I’m working with legacy java code, without any Unit-Tests. Many classes need to be refactored in order to work with the project.
Many refactorings can be done with eclipse, and am I doing some by hand. After some refactoring I review the diff to cvs-HEAD, but i can’t really feel certain that everything is 100% correct.
The Question: How can I validate a refactoring, that is mathematical identical to the previous version? I wish there were a tool, but i also accept “basic human algorithms” as solutions.

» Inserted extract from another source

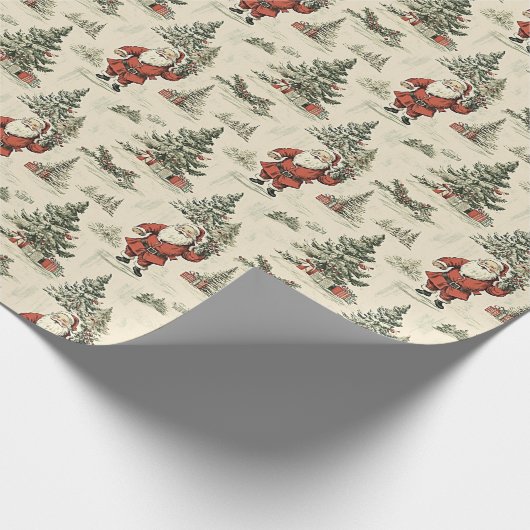 Nostalgische  Kerstman Cadeaupapier (Hoek)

I know, “run your JUnit-Tests” is the best answer, but sadly, there aren’t any in my project.
Thank you!
In “TDD By Example” there is a specific section that talks about it. The problem is that you need unit tests to refactor, but a complicated code is usually non-testable. Thus, you want to refactor to make it testable. Cycle.
Therefore the best strategy is as follows:
Do tiny refactoring steps. When the steps are small it is easier for a human to make sure the overall behavior is intact. Choose only refactorings that increase testability. This is your immediate goal. Don’t think about supporting future functionality (or anything fancy like that). Just think about “how can I make it possible for a unit test to test this method/class”.
As soon as a method/class becomes testable, write unit tests for it.
Repeating this process will gradually get you to a position where you have tests and thus you can refactor more aggressively. Usually, this process is shorter than one would expect.